B-17 at Croydon Q Captain Heinz-Dieter Bonsmann, formerly chief of the Lufthansa Historic Flight and now retired, sends a photo of a Boeing B-17G fuselage at Croydon Airport in the summer of 1961 (the airfield had closed for flying in September 1959, but some on-site maintenance work was still being carried out). A sign over the cockpit window said the B-17 was used for motion-picture purposes..
A I saw this fuselage in August 1961, and noted it as being used in the film The Longest Day. I was later told that it was formerly 44-83811, once N5014N. A month later there was a section of centre fuselage there with sand/brown camouflage and a white underside. Presumably these pieces were used for interior shots. Also around this time another film, The War Lover, was being made, so possibly that was another connection..
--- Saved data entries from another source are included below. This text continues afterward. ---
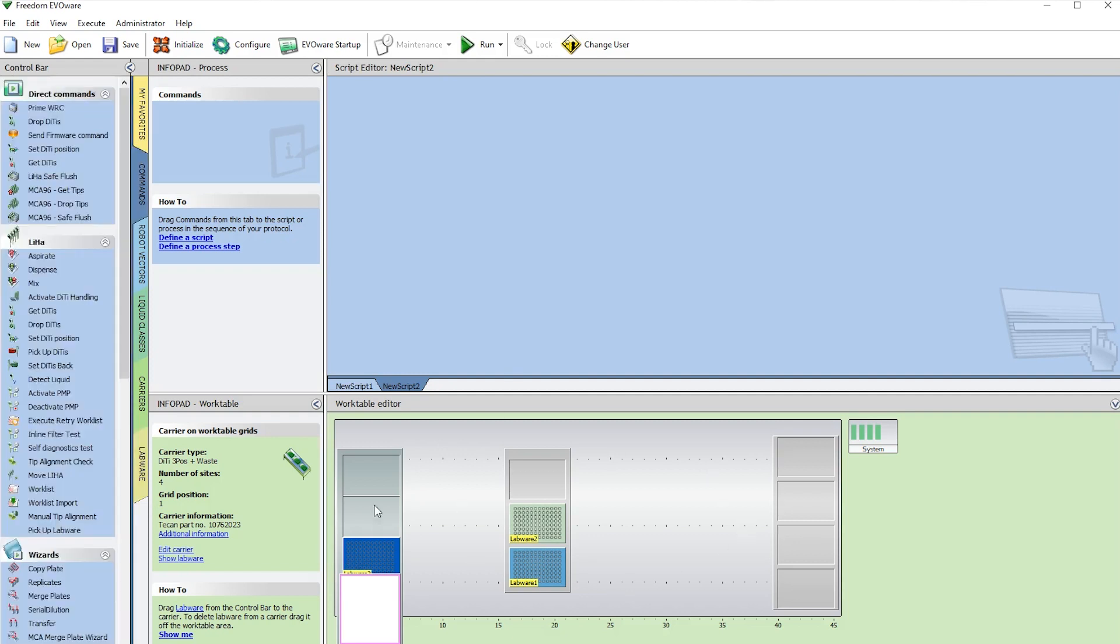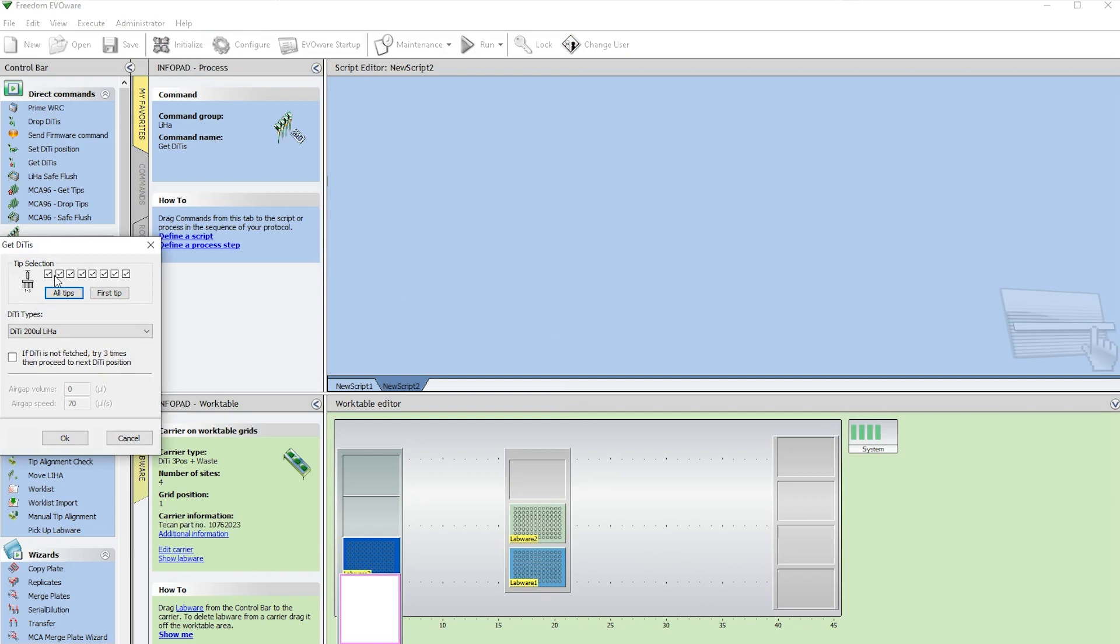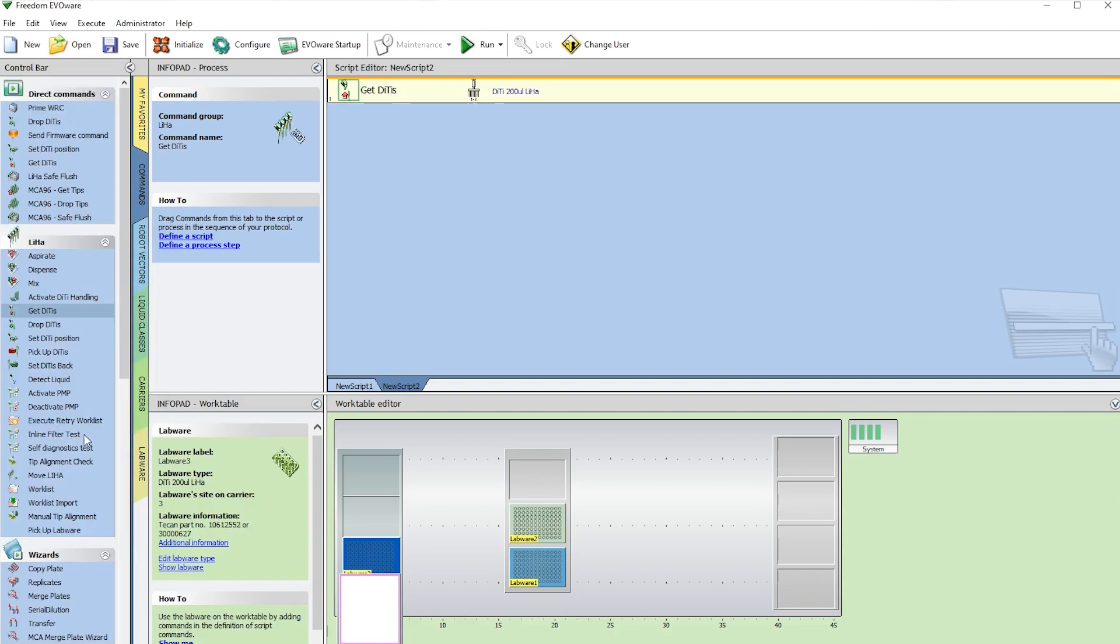Once we have the deck set up, we're going to build the script. The first step in the script is Get Tips. Double-click on it. Now we want to tell it where to pick the tips up from here, and then press OK.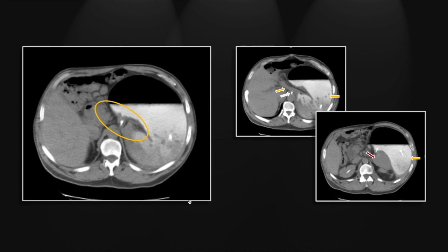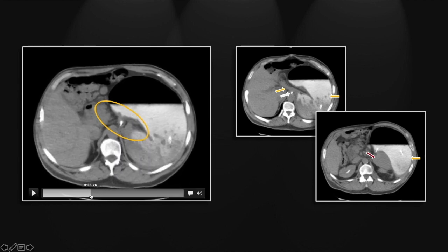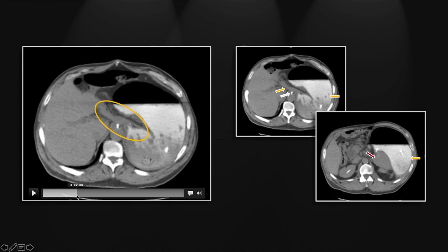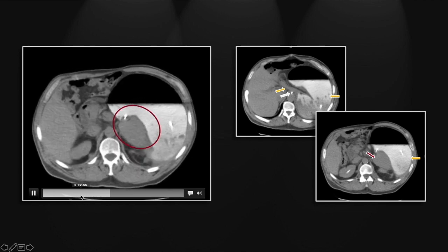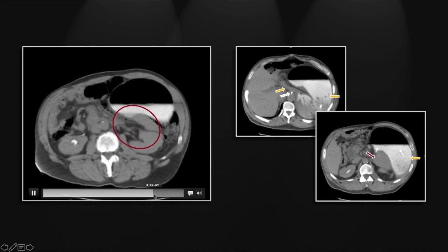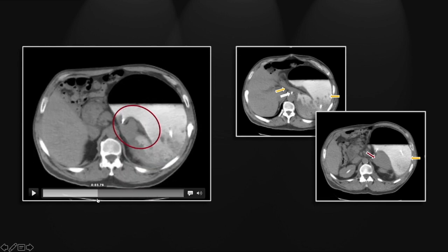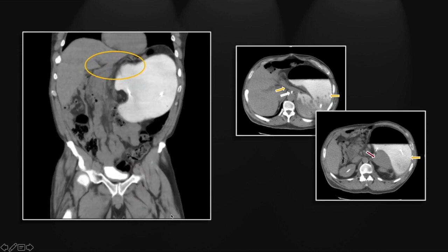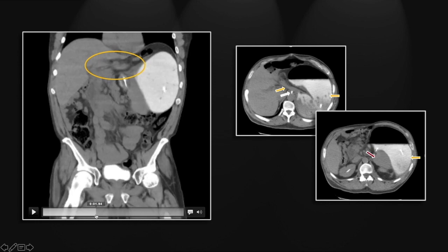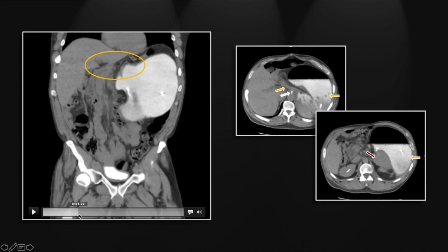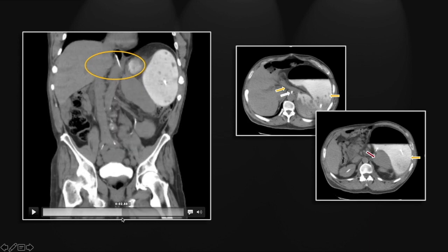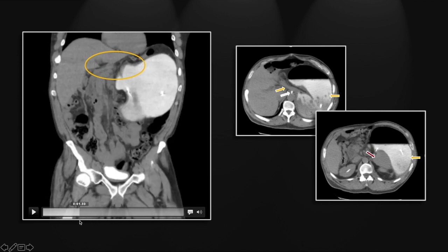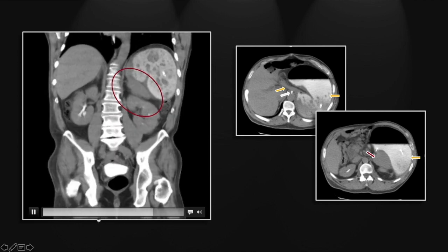First, appreciate that displaced duodenum — note that it's coming up from its normal position in the third portion, and the first and second portions are right here, elongated and displaced. Next, appreciate that spleen, which is medially displaced, proving beyond doubt that the stomach is twisted. Also appreciate that nasogastric tube coming in through the gastroesophageal junction. On the coronals, you can also appreciate that elongated and displaced duodenum coming into the region of the gastric antrum, and here, the displaced spleen.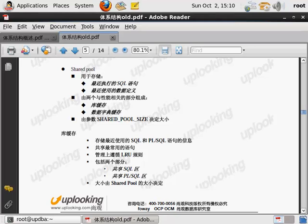那我们的共享池呢，主要用来存储呢，最近执行的SQL语句，最近使用过的数据定义语言。所以有两个组件的构成，库缓冲区和数据字典缓冲区了。那么它大小呢，使用shared_pool_size来决定大小。那么如果采用到我们的自动管理的情况下呢，那就是我们的SGA下的target来决定大小。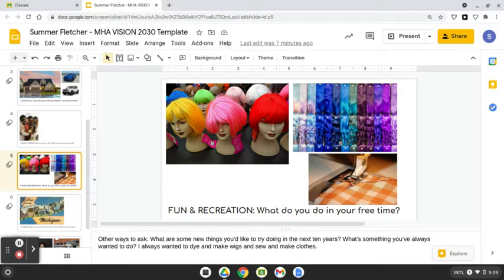I always wanted to dye hair, make wigs, and sew and make clothes, so that's what I'll do for fun.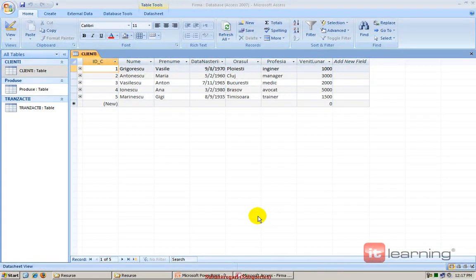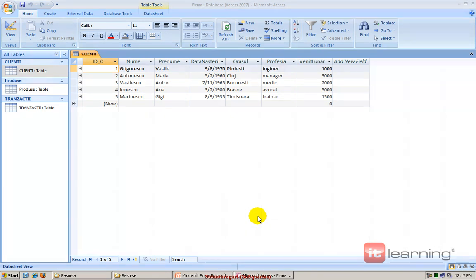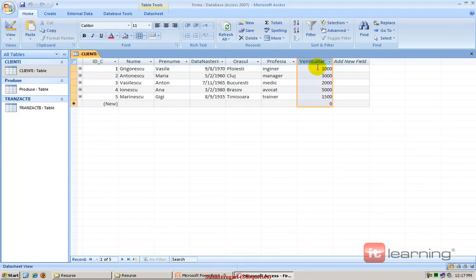Subinterogările reprezintă o tehnică foarte puternică prin care putem să extragem anumite valori relevante din baza de date. Haideți să ne uităm puțin pe tabela noastră clienți. Avem o coloană numită Venit Lunar, o coloană numerică, și îmi propun să găsesc toți clienții care au un Venit Lunar mai mare decât media.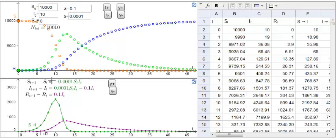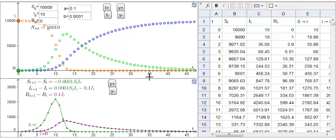S, the number of susceptibles, which is plotted in orange here; I, the number of infectives, which is plotted in green as a function of time; and R, the number recovered or removed, which is plotted in blue.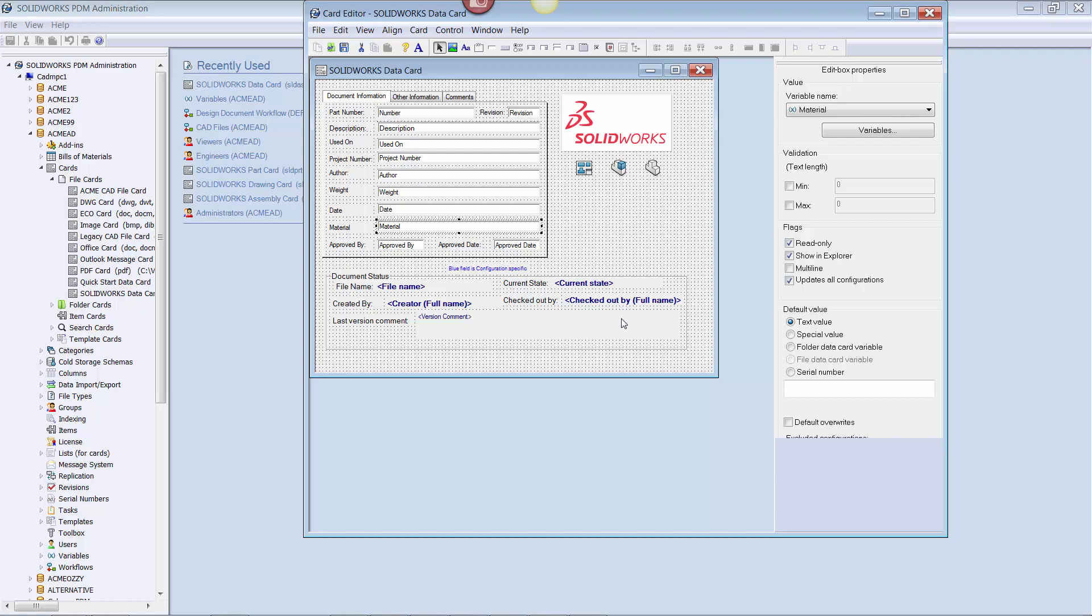This is a good example of how you only want data edited from the file, because you want the user to use the functionality of SOLIDWORKS, in this case the materials database. Once all the changes are made, I click save, and I close the data card editor window.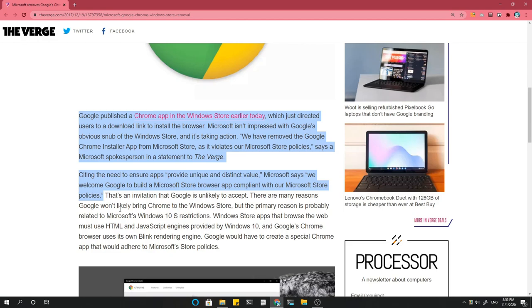We have removed the Google Chrome installer app from Microsoft Store, as it violates our Microsoft Store policies.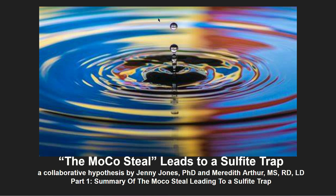I say this because Jenny Jones, PhD, and I came up with a collaborative hypothesis called the MoCo-Steel that leads to a sulfite trap. So this is part one — the summary of the MoCo-Steel that leads to a sulfite trap. This is probably going to be a video series, but I will link to my thesis paper. I can't make all the videos at once because I am actually stuck in the sulfite trap right now. Experience makes experts.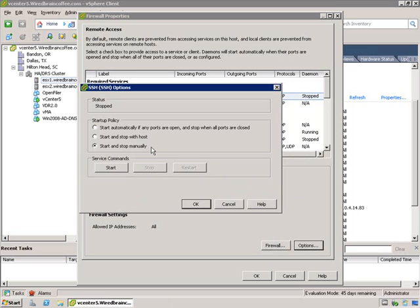If you click on Options, and if this particular service has any associated options, you can configure those as well. For example, it allows me to start and stop this particular service if any ports are open — the same thing we discussed during the presentation. You have three default behaviors: start and stop manually (the default for this service), start and stop with the host, or start automatically when ports are being accessed and close when they're not.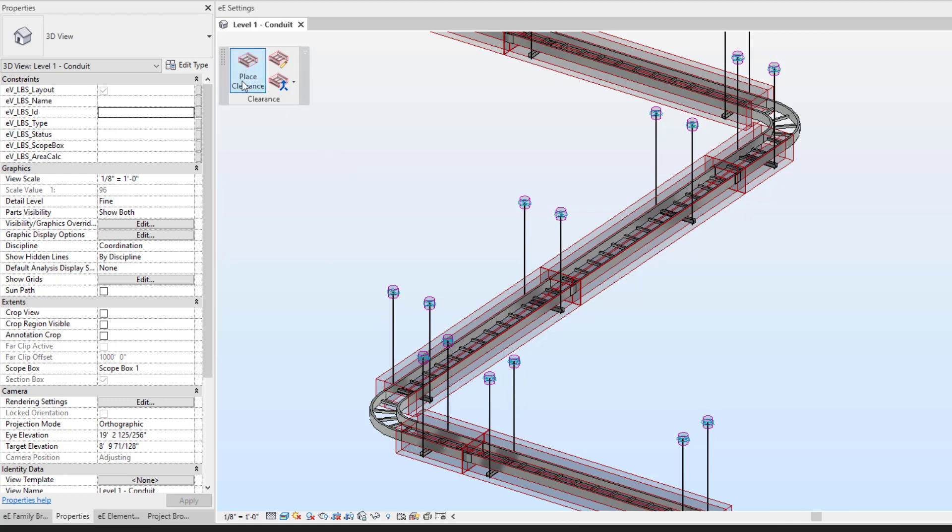So that is placing clearance on your cable tray within Evolve MEP. If you have any questions or want to see more, please visit our website and request a demo. Thank you.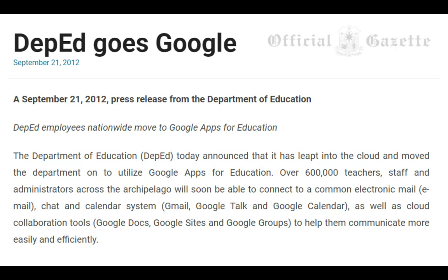In the Philippines, the Department of Education has gone Google since September of 2012, through the leadership of Brother Armin Luistro.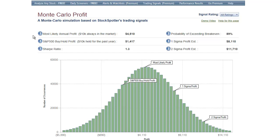For all of these trades, we have an annual profit of $4,500 based upon a $10,000 investment always in the market. In other words, we're getting a 45% return on our money. The probability of break-even is better than 89%, and the most likely profit is shown graphically here at the high point of the Gaussian distribution.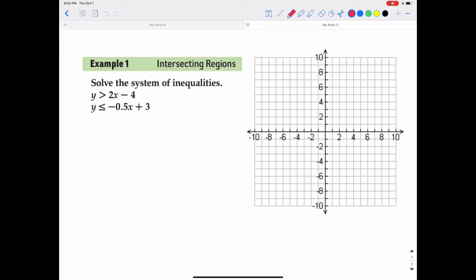In section 1.5, we talked about how to graph an inequality on a coordinate plane — that's the part where you graph the boundary, then do the test point, usually test point (0, 0), to figure out which side of the boundary to shade. This section talks about a system of inequalities where you graph two inequalities on the same coordinate plane and see where they overlap. The place where they overlap is the solution to the system.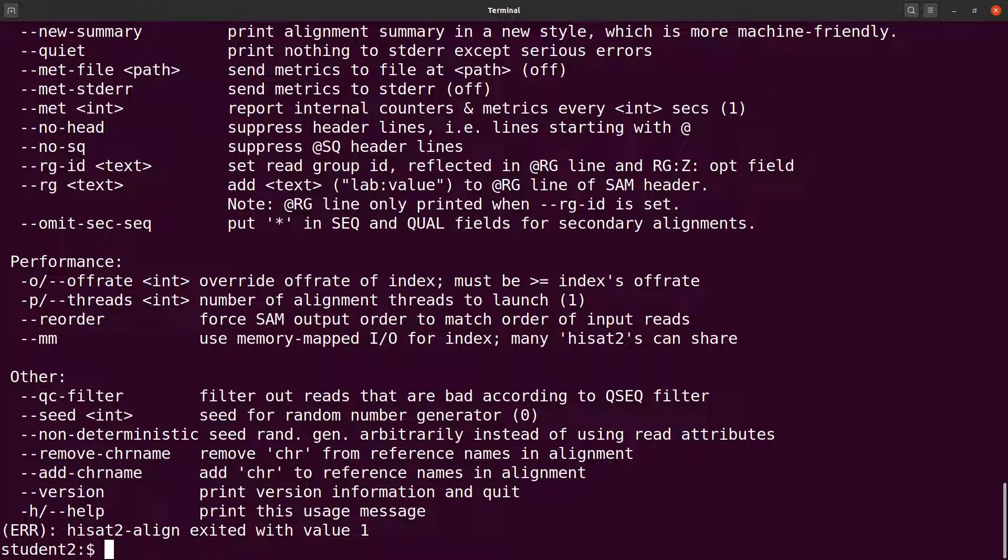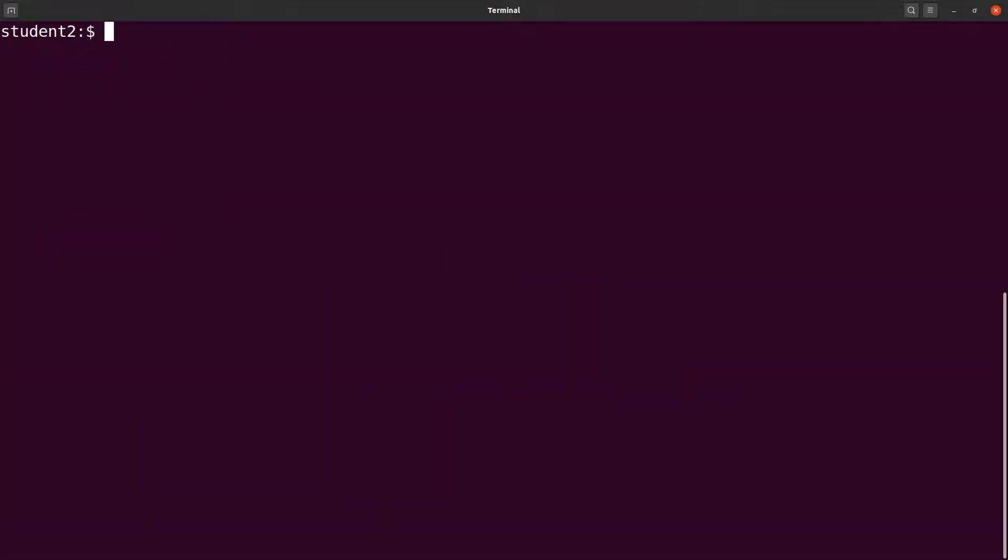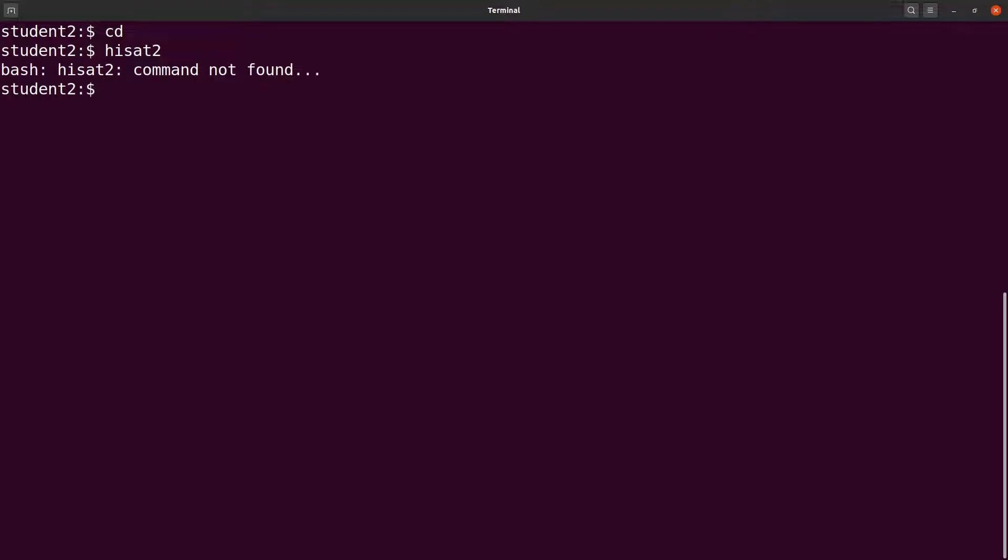Let's clear the screen first and then let's cd back. I just want to show you something. Let's cd back to the home directory. With the current setup, if you call HISAT2 like this, we are going to have an error. This is what I want us to fix.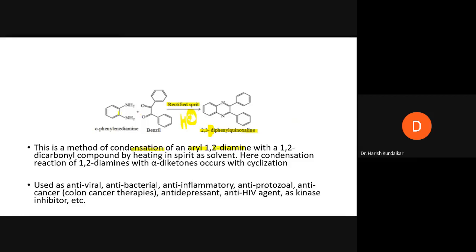This is a method of condensation of an aryl 1,2-diamine with a 1,2-dicarbonyl compound by heating in spirit, which is used as a solvent. Condensation reaction of 1,2-diamines with alpha-diketones occurs with cyclization. Alpha-diketone is nothing but an alpha-dicarbonyl compound. When condensation reactions occur with cyclization, such reactions are also called cyclocondensation reactions. This is basically a cyclocondensation reaction.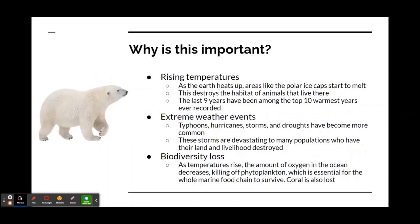Why is this important? Rising temperatures: as the Earth heats up, areas like the polar ice caps start to melt. This destroys the habitat of animals that live there and causes ecosystem collapse. The last nine years have been among the top 10 warmest years ever recorded.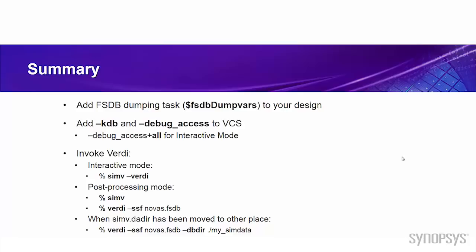And if the simv.daidir has been moved to another place or has been renamed, you can use verdi -dbdir option to read the new database. This is the end of the video. Thank you for your time.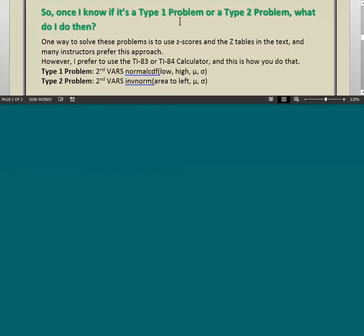Once you know if it's a Type 1 or Type 2 problem, what do you do next? One way to solve these problems is to use Z-scores and the Z-tables in the back of the book, and many instructors prefer this approach. However, I prefer to use the TI-83 or TI-84 calculator. If it's a Type 1 problem, on the calculator you use Second Vars, scroll to Normal CDF, and enter Low, High, Mu, and Sigma. If it's a Type 2 problem, you use Second Vars, Inverse Norm, and enter the area to the left, Mu, and Sigma.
P-40 and Spitfire Q Geoff Dobson submits an interesting photo issued by the Royal Canadian Air Force (RCAF) which was reproduced in Flight for June 27, 1940. The caption says the location was Uplands Airport, Ottawa, but why were these two aircraft there together?
A Reference to Air-Britain’s Spitfire International (2002) reveals that Spitfire IA L1090 was shipped to the United States Army Air Corps (USAAC) at Wright Field, Dayton, Ohio, for testing in September 1939, and flew tests with the Curtiss XP-40 in May 1940. During a visit to Canada by USAAC technical officers, the XP-40 was flown by an RCAF officer and the Spitfire by a USAAC officer. The Spitfire subsequently flew with several units in Canada before leaving Ottawa for England via Montreal in June 1940, arriving back in the UK on August 1. In April 1941 it became 3201M with No 3 School of Technical Training (STT), Blackpool, passing the following month to No 4 STT, Henlow, where it was finally struck off charge on September 4, 1944..
Spitfire’s newmarkings Q Adam Smith submits photos dated 1971 showing five Hispano Ha-1112s in fake RAF markings, and asks for details.?
A There were actually six aircraft at that location. They were used only for taxying sequences at Tablada, Spain, during filming for The Battle of Britain, and ended up at the Victory Air Museum, Mundelein, Texas, where these photos would have been taken. A brief history of each: C.4K-108 eventually became G-BOML and crashed at Sabadell, Spain, tragically killing pilot Mark Hanna; C.4K-121 was eventually restored to fly in Texas as a Bf 109F-4 with a DB 601 engine; C.4K-131 went to Eric Vormezeele in Belgium in 1985 for restoration to fly as OO-MAF; C.4K-134 is in Germany, modified to Bf 109G-6 standard with a DB 605; C.4K-135 was.